▸ RECORDED INFORMATION:
######
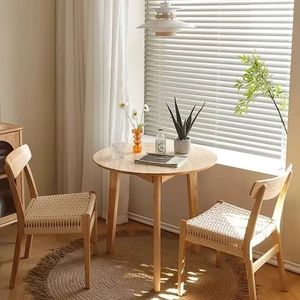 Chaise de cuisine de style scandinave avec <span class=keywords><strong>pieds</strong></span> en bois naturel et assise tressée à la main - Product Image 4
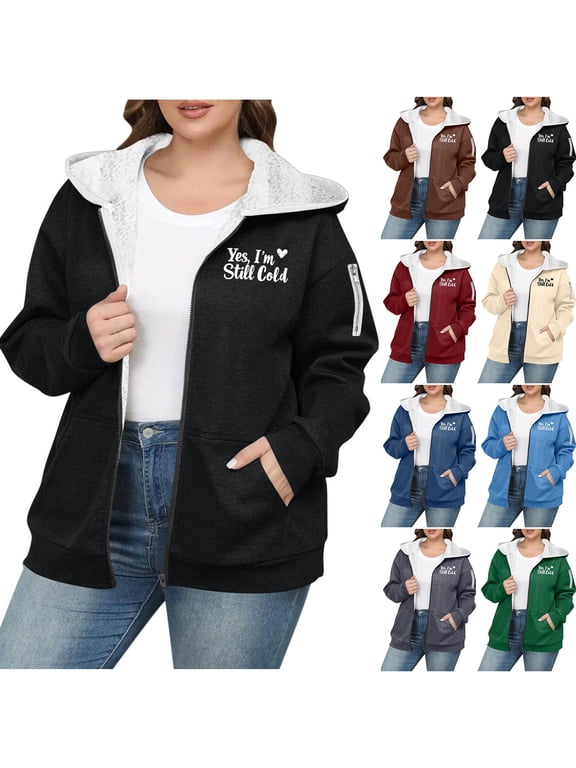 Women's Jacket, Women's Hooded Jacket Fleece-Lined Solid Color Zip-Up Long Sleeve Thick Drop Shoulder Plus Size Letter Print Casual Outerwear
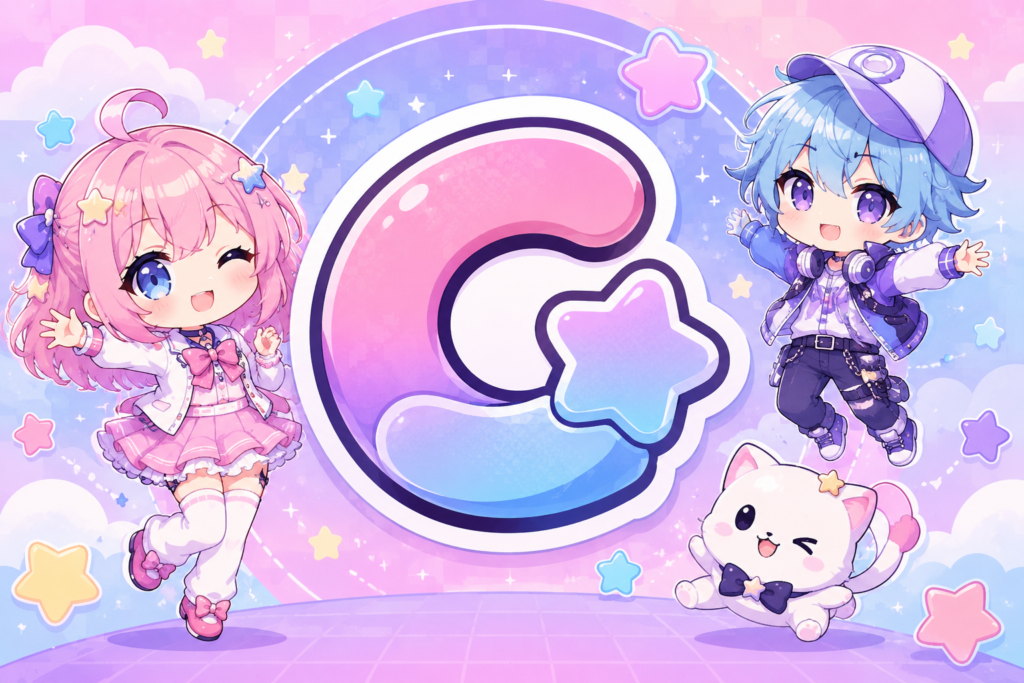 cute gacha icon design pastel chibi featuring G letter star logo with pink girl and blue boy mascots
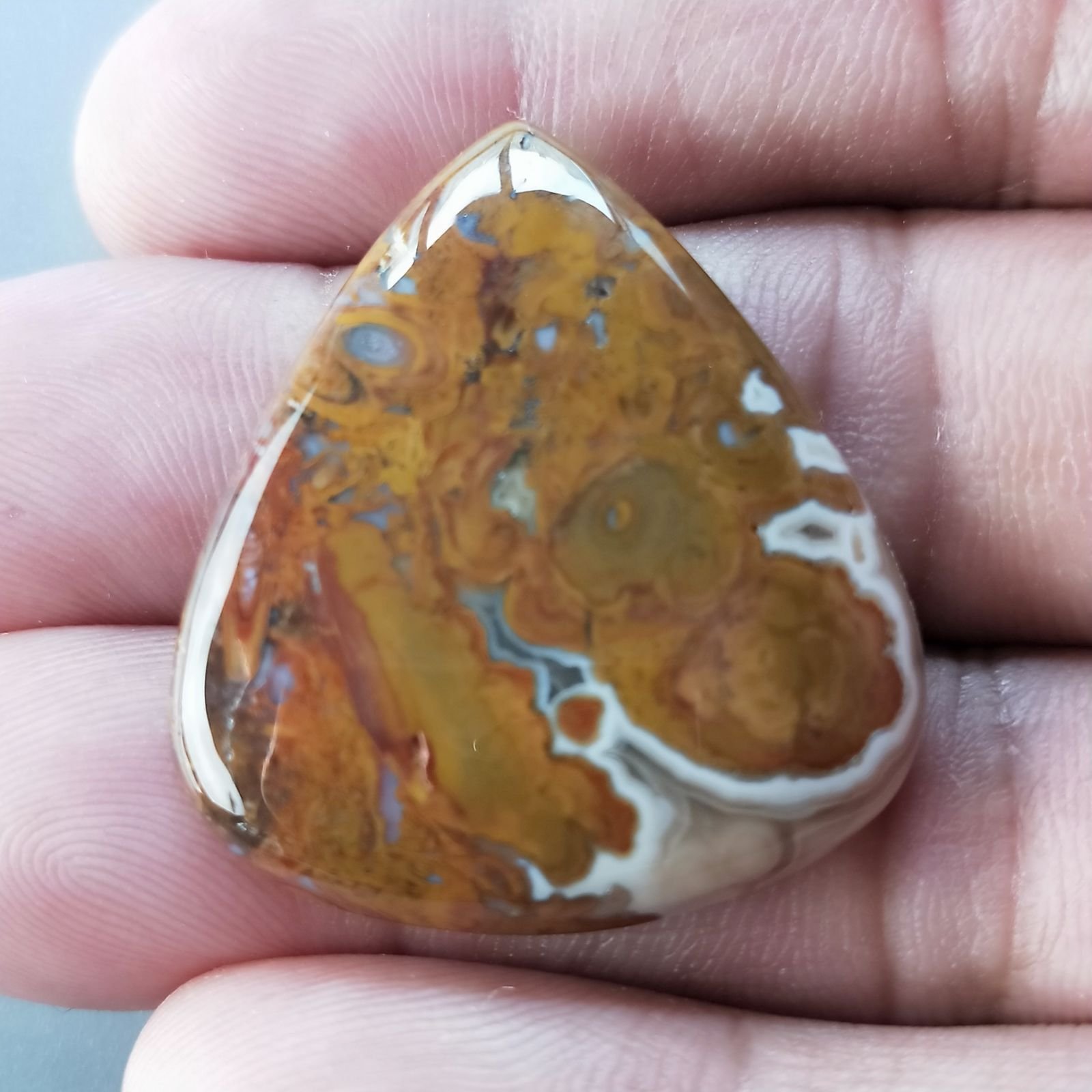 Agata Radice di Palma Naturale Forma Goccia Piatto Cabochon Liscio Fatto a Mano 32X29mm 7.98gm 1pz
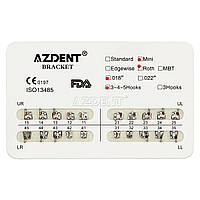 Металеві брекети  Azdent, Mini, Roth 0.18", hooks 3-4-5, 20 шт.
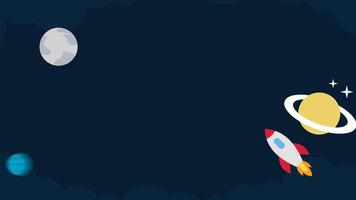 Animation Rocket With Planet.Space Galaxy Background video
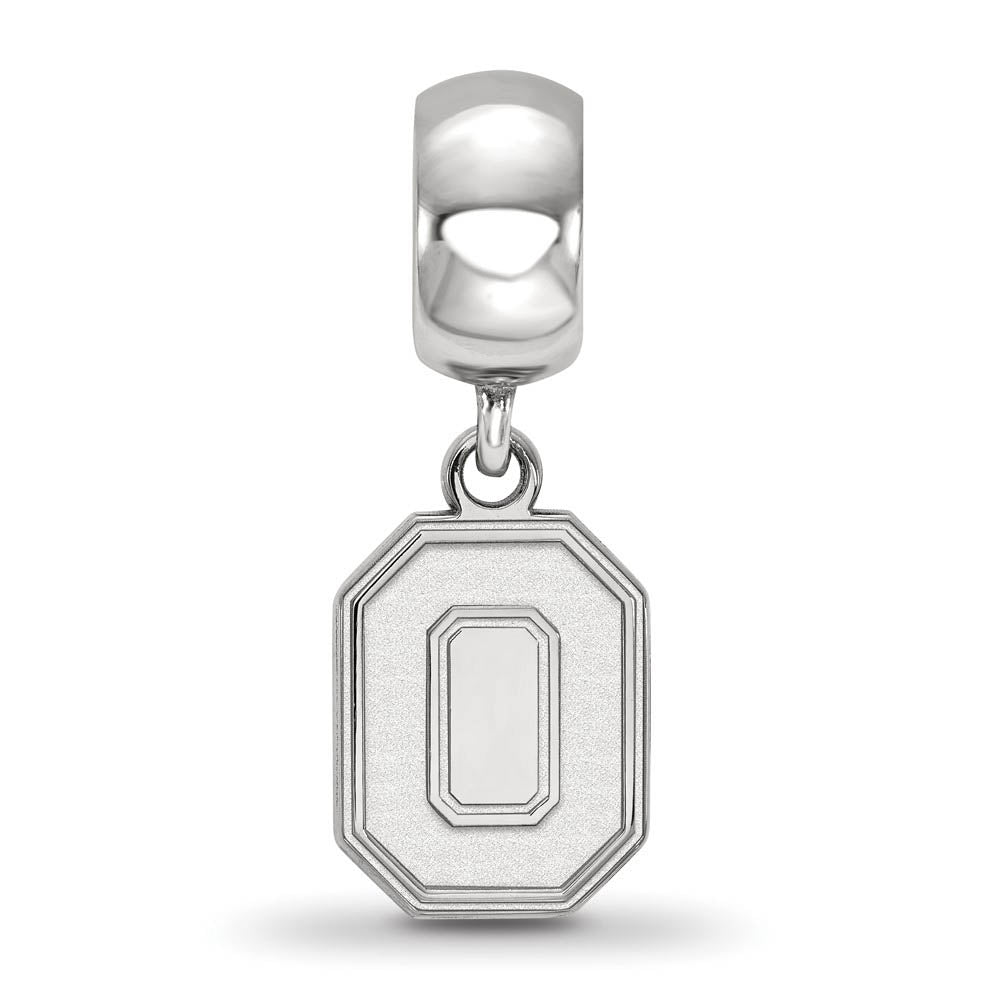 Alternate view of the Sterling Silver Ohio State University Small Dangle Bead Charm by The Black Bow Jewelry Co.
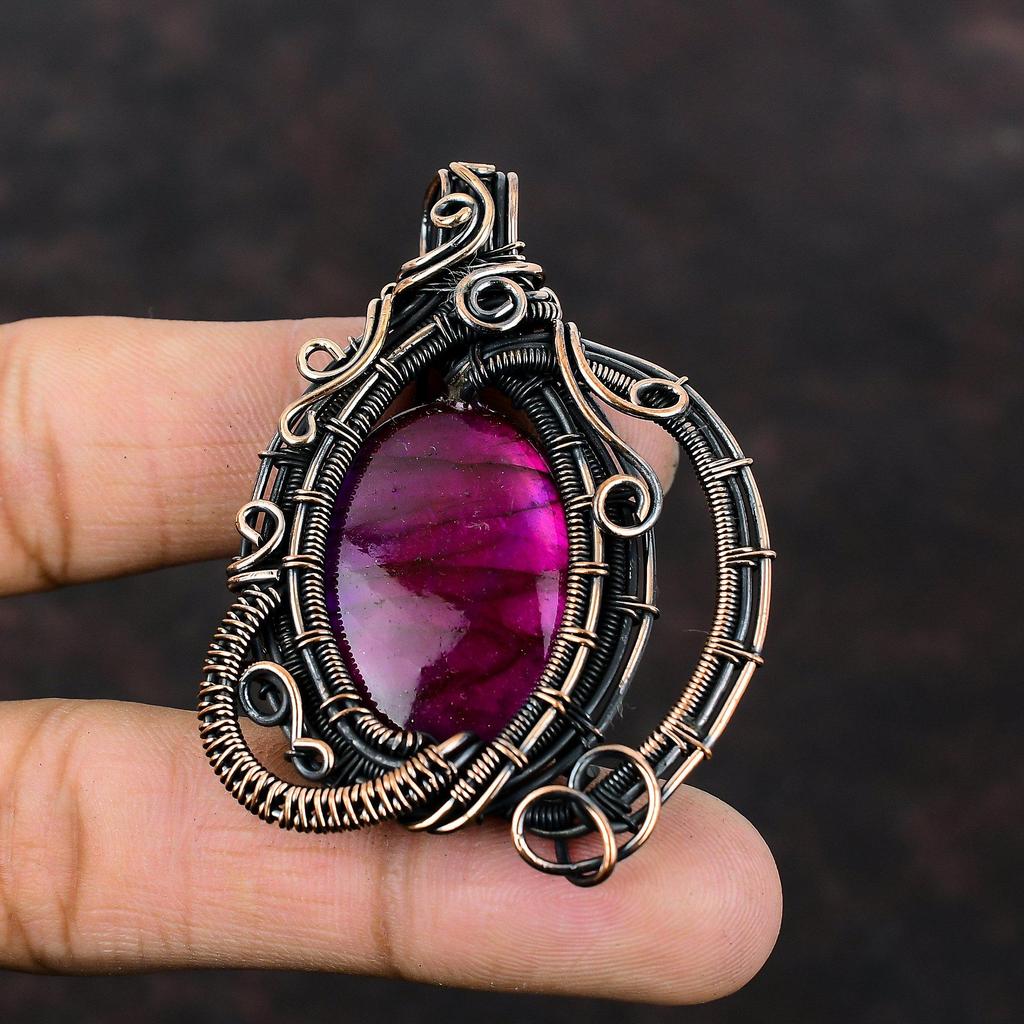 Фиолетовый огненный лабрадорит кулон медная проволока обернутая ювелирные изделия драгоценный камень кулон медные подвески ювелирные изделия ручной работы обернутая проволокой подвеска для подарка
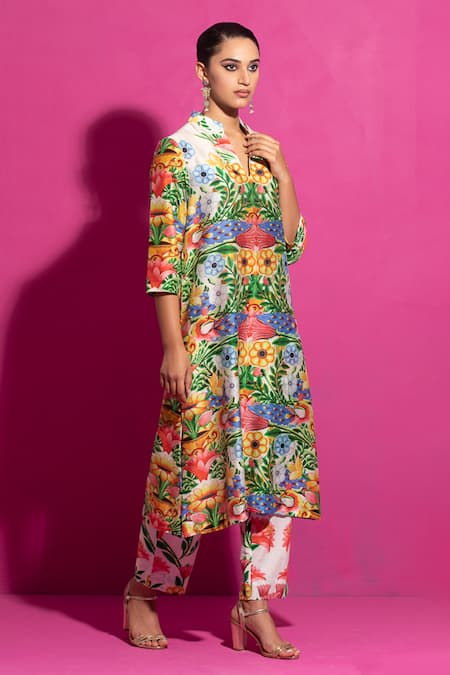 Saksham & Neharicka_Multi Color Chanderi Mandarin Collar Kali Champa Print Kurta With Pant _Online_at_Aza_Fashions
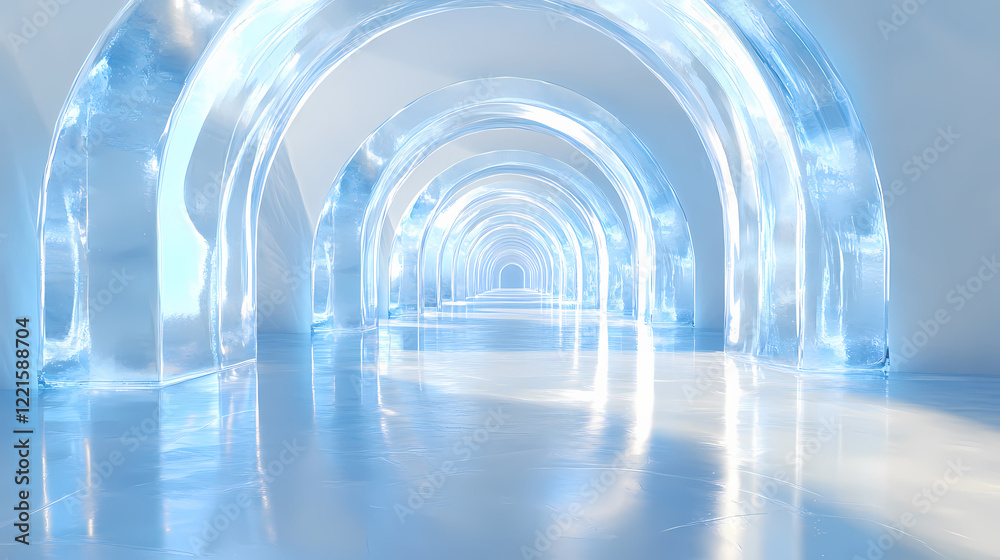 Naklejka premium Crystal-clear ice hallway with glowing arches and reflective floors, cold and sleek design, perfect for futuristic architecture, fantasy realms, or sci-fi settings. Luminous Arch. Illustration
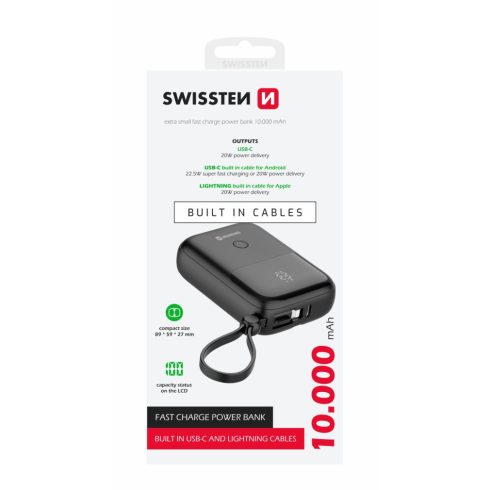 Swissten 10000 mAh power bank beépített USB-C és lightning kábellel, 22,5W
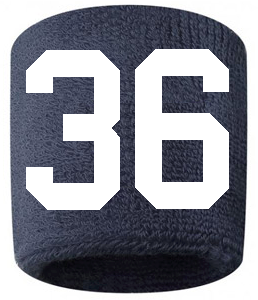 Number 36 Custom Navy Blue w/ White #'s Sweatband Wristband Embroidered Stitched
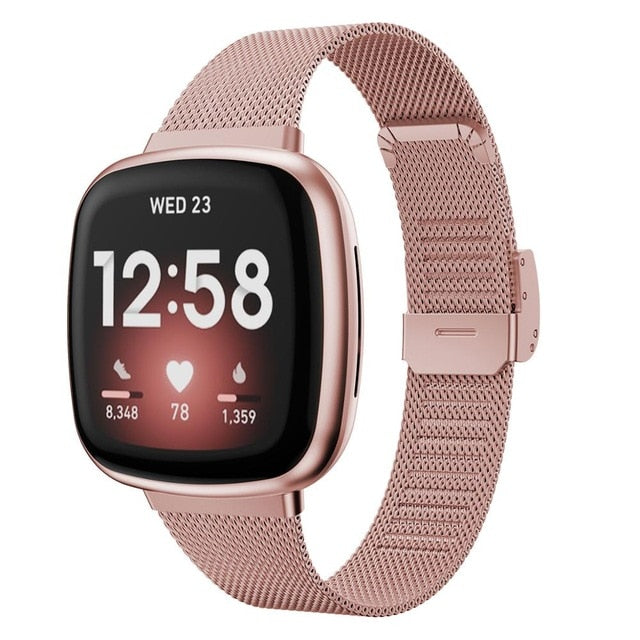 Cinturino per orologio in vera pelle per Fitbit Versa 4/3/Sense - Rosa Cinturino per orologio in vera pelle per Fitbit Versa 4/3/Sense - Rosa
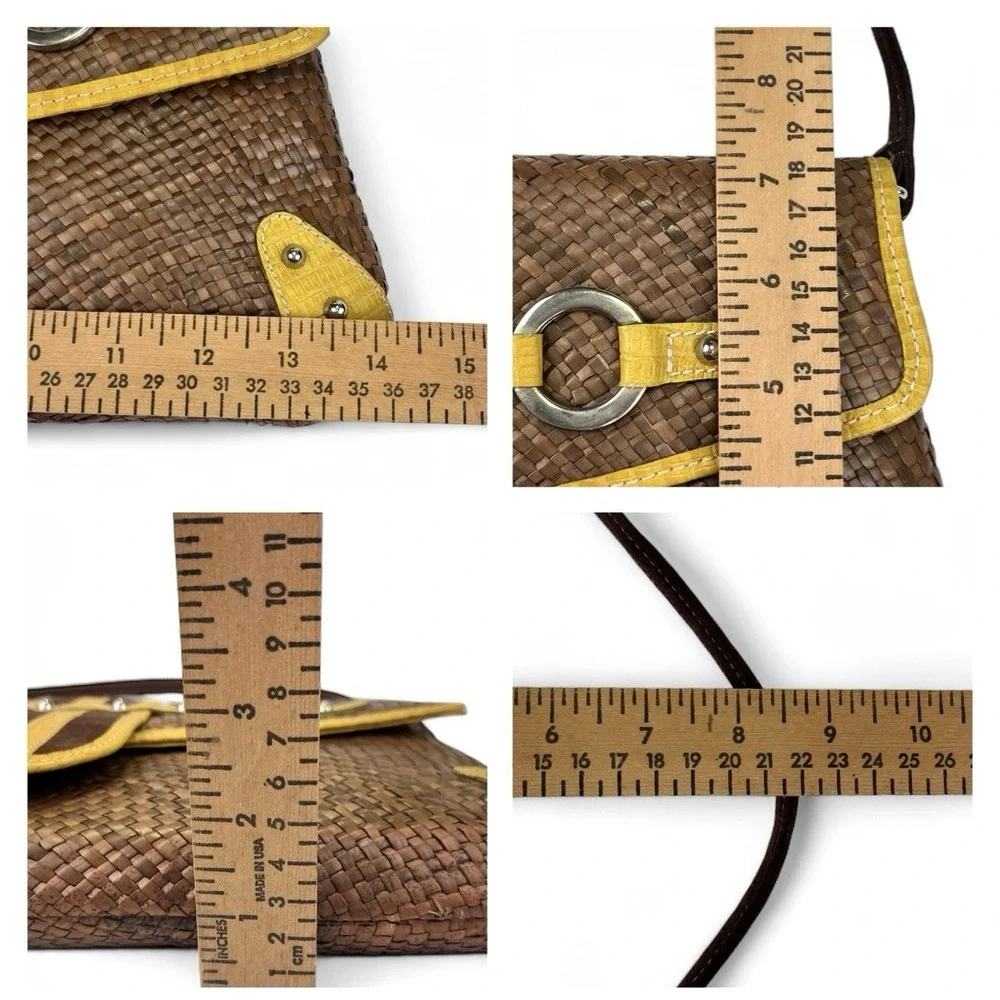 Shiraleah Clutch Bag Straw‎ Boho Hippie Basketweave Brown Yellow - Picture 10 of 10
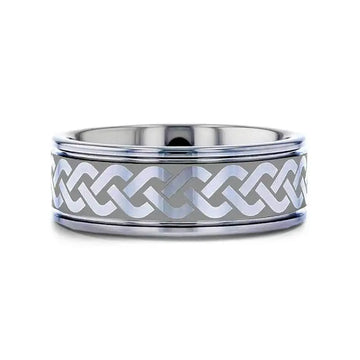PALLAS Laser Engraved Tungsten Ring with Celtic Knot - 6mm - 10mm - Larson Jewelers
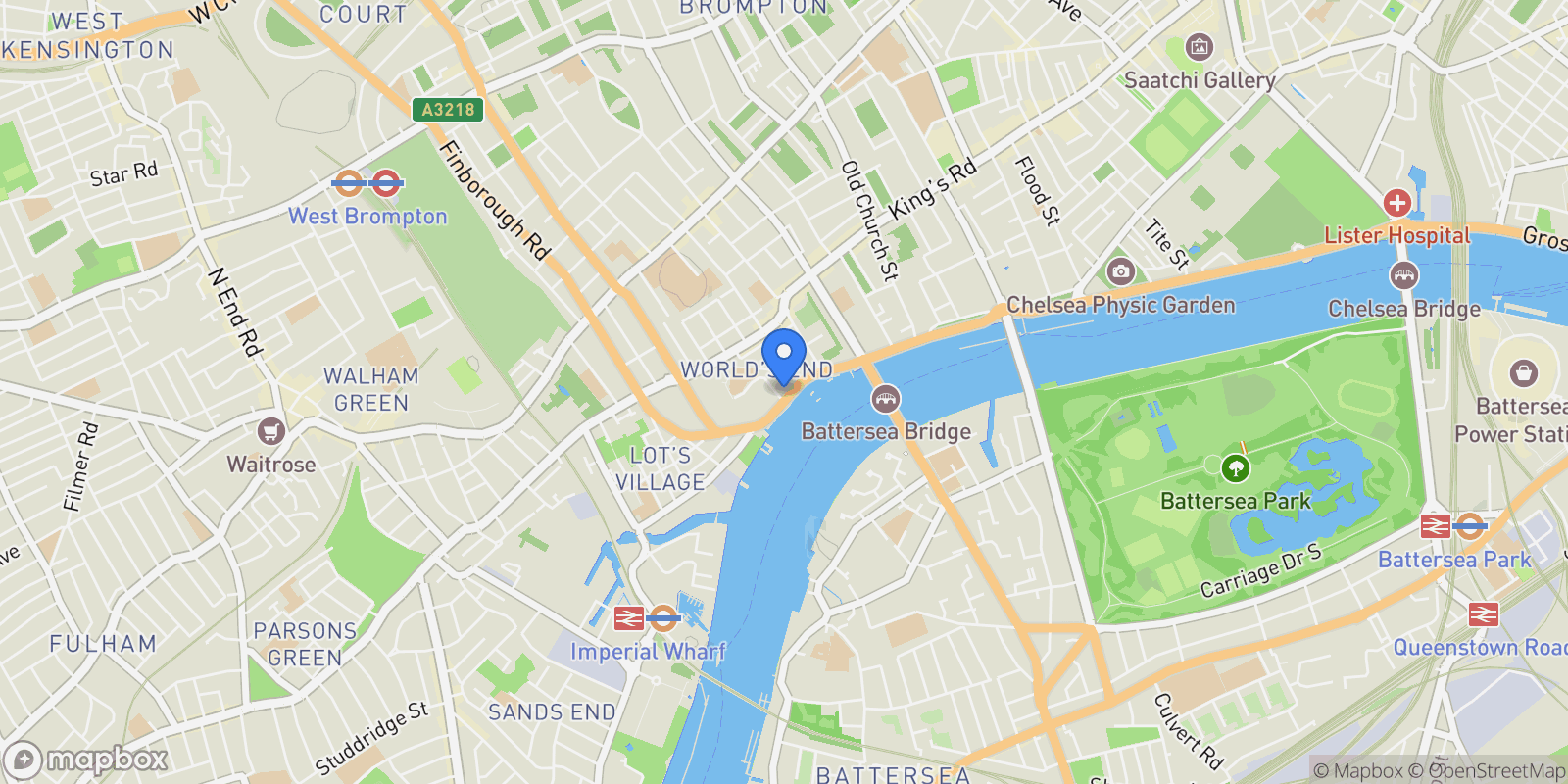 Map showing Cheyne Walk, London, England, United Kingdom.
######
▸ EXERCISE GOAL: Give back, word for word, the lines from the one with "Number 36 Custom" to the end of the records above, and no pictures.

▸ FINAL ANSWER:
 Number 36 Custom Navy Blue w/ White #'s Sweatband Wristband Embroidered Stitched
 Cinturino per orologio in vera pelle per Fitbit Versa 4/3/Sense - Rosa Cinturino per orologio in vera pelle per Fitbit Versa 4/3/Sense - Rosa
 Shiraleah Clutch Bag Straw‎ Boho Hippie Basketweave Brown Yellow - Picture 10 of 10
PALLAS Laser Engraved Tungsten Ring with Celtic Knot - 6mm - 10mm - Larson Jewelers
 Map showing Cheyne Walk, London, England, United Kingdom.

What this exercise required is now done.